▸ **WHAT TO DO**: Beneath this line is the data. Output exactly the lines from the line with "Master bathroom with" to the line with "Young redhead irish", both ends included, and nothing more.

Source data:
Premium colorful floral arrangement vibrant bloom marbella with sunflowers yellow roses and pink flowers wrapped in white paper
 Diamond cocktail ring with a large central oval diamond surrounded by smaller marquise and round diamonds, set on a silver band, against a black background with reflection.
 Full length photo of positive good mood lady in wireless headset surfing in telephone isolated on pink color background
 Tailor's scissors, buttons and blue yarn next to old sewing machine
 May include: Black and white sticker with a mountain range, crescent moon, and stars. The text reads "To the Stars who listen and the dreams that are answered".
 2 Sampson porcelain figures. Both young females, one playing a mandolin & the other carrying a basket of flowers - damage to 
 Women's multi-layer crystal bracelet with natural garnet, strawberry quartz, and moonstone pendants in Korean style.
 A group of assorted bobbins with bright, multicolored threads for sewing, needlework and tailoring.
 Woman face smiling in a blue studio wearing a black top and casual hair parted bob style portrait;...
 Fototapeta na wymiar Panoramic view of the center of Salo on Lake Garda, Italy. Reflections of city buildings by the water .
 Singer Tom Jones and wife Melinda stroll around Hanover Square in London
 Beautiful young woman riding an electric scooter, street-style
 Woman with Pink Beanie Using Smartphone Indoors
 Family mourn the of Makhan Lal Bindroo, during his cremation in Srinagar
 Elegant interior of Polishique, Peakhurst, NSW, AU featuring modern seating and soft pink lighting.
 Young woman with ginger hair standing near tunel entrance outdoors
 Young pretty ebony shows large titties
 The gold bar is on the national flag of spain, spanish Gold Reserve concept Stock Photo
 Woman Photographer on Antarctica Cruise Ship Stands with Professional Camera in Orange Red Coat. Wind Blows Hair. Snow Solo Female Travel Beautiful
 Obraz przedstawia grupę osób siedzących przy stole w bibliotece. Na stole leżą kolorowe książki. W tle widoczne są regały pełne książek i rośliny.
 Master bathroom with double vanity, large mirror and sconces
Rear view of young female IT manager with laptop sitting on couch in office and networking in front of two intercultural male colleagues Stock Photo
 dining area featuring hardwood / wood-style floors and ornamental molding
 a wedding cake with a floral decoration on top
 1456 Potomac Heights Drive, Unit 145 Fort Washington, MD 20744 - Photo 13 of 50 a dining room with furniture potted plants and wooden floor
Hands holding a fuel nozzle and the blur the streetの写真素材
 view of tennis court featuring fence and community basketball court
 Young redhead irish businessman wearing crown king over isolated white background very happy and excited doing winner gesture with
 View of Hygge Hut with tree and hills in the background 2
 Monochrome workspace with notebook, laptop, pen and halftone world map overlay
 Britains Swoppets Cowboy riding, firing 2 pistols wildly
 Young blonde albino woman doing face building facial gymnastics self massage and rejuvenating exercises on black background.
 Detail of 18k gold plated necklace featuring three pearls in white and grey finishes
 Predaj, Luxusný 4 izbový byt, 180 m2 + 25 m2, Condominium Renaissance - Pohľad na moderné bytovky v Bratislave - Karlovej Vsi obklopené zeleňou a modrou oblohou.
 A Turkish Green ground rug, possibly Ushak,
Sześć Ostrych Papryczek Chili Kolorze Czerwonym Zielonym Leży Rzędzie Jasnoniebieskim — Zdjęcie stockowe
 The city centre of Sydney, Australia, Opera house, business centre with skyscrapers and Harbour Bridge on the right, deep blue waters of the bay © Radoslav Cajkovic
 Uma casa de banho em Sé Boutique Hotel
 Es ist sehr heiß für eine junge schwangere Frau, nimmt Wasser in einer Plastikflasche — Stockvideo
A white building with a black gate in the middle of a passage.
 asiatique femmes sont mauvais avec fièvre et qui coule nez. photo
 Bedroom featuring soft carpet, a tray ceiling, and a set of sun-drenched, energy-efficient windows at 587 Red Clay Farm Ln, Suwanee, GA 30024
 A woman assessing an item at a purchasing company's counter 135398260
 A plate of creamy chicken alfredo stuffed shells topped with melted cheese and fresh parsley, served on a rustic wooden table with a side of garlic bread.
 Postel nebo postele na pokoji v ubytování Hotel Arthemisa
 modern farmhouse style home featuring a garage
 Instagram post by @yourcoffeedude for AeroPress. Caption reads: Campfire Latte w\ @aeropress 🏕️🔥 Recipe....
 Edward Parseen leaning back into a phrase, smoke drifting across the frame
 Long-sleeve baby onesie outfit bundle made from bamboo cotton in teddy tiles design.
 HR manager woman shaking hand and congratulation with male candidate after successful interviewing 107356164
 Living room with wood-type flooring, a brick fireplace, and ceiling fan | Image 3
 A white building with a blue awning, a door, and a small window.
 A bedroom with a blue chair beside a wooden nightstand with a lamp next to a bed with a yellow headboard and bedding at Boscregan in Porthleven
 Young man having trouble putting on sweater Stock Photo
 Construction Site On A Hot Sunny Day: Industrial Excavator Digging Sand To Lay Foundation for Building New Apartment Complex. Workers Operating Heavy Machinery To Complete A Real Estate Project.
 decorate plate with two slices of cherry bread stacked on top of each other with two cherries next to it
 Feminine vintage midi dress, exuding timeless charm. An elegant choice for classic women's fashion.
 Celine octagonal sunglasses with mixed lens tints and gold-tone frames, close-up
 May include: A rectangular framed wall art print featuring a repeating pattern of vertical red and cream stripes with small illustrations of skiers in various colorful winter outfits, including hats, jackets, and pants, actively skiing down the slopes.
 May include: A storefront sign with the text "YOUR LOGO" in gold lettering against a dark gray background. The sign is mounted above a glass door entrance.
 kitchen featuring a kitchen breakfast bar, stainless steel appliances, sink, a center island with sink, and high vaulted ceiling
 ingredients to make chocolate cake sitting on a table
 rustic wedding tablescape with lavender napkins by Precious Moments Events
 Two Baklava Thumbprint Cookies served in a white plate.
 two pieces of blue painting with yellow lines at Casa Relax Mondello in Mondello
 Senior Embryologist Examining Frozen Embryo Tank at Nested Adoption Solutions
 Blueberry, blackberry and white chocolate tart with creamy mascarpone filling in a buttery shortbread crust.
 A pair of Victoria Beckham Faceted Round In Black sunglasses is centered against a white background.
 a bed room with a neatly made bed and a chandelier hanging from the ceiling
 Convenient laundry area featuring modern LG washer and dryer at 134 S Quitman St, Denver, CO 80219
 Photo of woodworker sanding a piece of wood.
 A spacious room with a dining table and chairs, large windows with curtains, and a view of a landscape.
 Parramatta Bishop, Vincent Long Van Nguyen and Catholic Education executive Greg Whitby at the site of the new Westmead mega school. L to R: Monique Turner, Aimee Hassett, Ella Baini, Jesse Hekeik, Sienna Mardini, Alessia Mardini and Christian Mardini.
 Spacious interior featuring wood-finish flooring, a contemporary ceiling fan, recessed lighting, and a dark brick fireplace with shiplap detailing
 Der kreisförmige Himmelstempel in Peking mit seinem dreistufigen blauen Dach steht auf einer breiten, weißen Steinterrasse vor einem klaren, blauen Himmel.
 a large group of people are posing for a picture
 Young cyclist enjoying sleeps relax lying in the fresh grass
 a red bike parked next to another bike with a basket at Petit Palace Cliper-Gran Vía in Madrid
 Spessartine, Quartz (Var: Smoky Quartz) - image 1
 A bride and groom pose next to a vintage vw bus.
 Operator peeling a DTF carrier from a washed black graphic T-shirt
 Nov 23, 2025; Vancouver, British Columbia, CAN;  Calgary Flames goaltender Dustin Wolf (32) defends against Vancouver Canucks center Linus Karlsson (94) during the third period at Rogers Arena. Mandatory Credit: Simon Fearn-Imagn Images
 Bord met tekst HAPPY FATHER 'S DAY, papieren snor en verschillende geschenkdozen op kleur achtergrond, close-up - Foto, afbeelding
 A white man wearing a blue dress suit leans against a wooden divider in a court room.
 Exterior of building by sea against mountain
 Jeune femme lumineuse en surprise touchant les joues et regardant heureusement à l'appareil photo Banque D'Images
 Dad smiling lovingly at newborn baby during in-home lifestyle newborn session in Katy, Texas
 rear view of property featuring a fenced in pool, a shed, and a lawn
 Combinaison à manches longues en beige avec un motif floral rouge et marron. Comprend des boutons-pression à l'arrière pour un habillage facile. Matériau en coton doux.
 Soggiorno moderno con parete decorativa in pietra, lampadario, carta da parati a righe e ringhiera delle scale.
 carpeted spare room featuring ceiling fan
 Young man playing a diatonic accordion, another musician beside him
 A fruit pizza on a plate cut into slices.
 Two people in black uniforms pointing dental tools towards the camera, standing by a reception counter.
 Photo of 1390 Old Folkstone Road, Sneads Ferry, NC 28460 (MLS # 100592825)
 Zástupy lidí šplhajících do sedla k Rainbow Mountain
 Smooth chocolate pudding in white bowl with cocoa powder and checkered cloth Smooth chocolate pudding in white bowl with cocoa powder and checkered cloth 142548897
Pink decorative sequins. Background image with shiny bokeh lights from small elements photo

▸ **RESPONSE TO THIS EXERCISE**:
 Master bathroom with double vanity, large mirror and sconces
Rear view of young female IT manager with laptop sitting on couch in office and networking in front of two intercultural male colleagues Stock Photo
 dining area featuring hardwood / wood-style floors and ornamental molding
 a wedding cake with a floral decoration on top
 1456 Potomac Heights Drive, Unit 145 Fort Washington, MD 20744 - Photo 13 of 50 a dining room with furniture potted plants and wooden floor
Hands holding a fuel nozzle and the blur the streetの写真素材
 view of tennis court featuring fence and community basketball court
 Young redhead irish businessman wearing crown king over isolated white background very happy and excited doing winner gesture with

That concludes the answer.